Il y a des albums, comme cela, pour lesquels on ne ressent pas l'envie de chroniquer. Pour lesquels, pour une fois, on se dit qu'on ferait mieux de fermer sa gueule, de ne pas venir trahir la musique et les sensations en tentant de décrire d'une manière forcément infidèle les mouvements qu'elles inspirent. Que le nouvel opus Écailles de Lune composé par Neige soit de cette veine ne surprendra pas les amateurs déjà connaisseurs du projet solo qu'est Alcest. Nouveau voyage dans la sphère imaginaire du musicien, Ecailles de Lune se fait toujours plus rêveur et mélancolique.
Alcest joue à la frontière entre un post-rock lunaire aux instrumentaux aériens et un produit éclairci de black métal atmosphérique. "Écailles de Lune" s'ouvre en deux volets distincts, l'un reflétant parfaitement le premier penchant musical, le second laissant un certain espace d'expression plus rugueuse, plus black. Le chant se fond volontiers dans les nappes atmosphériques jusqu'à édulcorer la prononciation des paroles, comme pour en adoucir le tranchant de l'articulation et les rendre plus vaporeuses encore. Dix minutes passent sous les rayons métalliques de la lune, emportées sans effort dans le grand air. Dix minutes encore suivent mais d'une toute autre trempe cette fois. Le rythme s'accélère déjà à la fin d'"Écailles de Lune (part I)", en un blast finalement plutôt léger en comparaison des canons du genre, pour annoncer une couleur néanmoins assombrie. Le début est d'un calme trompeur, les arpèges et le bruit des vagues se brisant sur le rivage ne faisant que retarder l'arrivée de guitares et d'une section rythmique plus énervées, aux influences black facilement reconnaissables et par dessus lesquelles Neige hurle âprement les mêmes paroles dans un effet de contraste et de relecture du premier titre.
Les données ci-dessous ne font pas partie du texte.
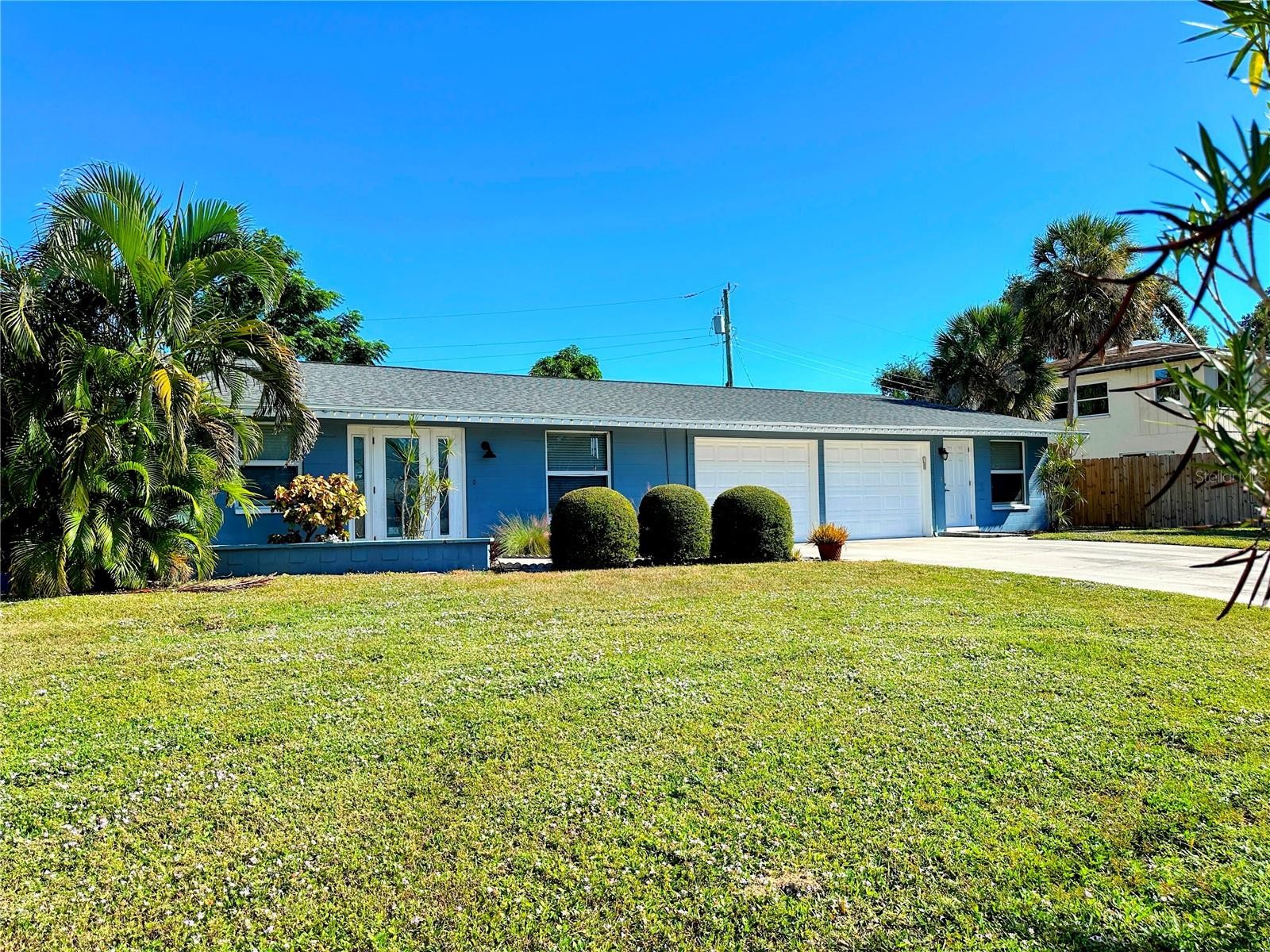 2131 MONTCLAIR DR #2131 & 2137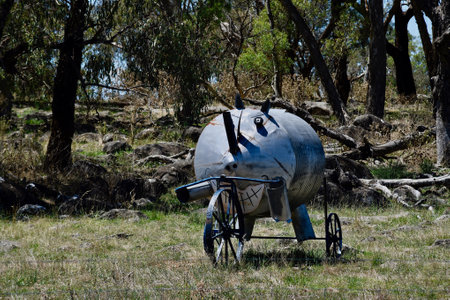 A water tank in the middle of a bush in the Australian bushのeditorial素材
Pourtant on ne peut parler d'émotion tout à fait négative. La tonalité de l'album est ambiguë, explorant un éventail de gris-bleu virant parfois à l'argent métallique tout en modulant la lumière et la brillance des riffs. Le thème mélodique de "Percées de lumière" presque chaud et positif contrebalance sans peine les cris écorchés pas tout à fait torturés du chanteur. On peut d'ailleurs se demander, à la lecture des paroles brodant sur des thèmes de lumière solaire, de sérénité marine et de liberté, pourquoi ce choix artistique un peu en décalage. L'album atteint son intensité lumineuse maximale sur le si bien nommé "Solar Song", tellement empreint de liberté et de légèreté qu'on en viendrait naturellement à mêler sa voix dans le grand espace musical développé sans limite terrestre. Écailles De Lune est d'un accès aisé mais possède également une profondeur particulière, un pouvoir immersif certain dont on pourrait parfois douter lors des premières écoutes. Mais si la recette musicale ne comporte aucune surprise, la simplicité et le charme de l'univers d'Alcest ne peuvent manquer pourtant de séduire. Et laisser doucement nostalgique sur les accords acoustiques et les dernières envolées rêveuses "Sur l'océan couleur de fer".
Alcest réussit avec Écailles de Lune à nous enlever le temps d'un album pour explorer son monde un peu irréel et presque déconnecté de la réalité urbaine. Évoluant dans l'immensité océanique, remontant parfois à la surface des vagues scintillant sous un soleil matinal, les yeux plongés dans le ciel clair. Avec pour seuls bruits l'ondoiement des courants aquatiques et le souffle du vent. Avec pour seul horizon l'atmosphère vide mais sereine. Une sensation de liberté solitaire un peu triste mais irrésistible.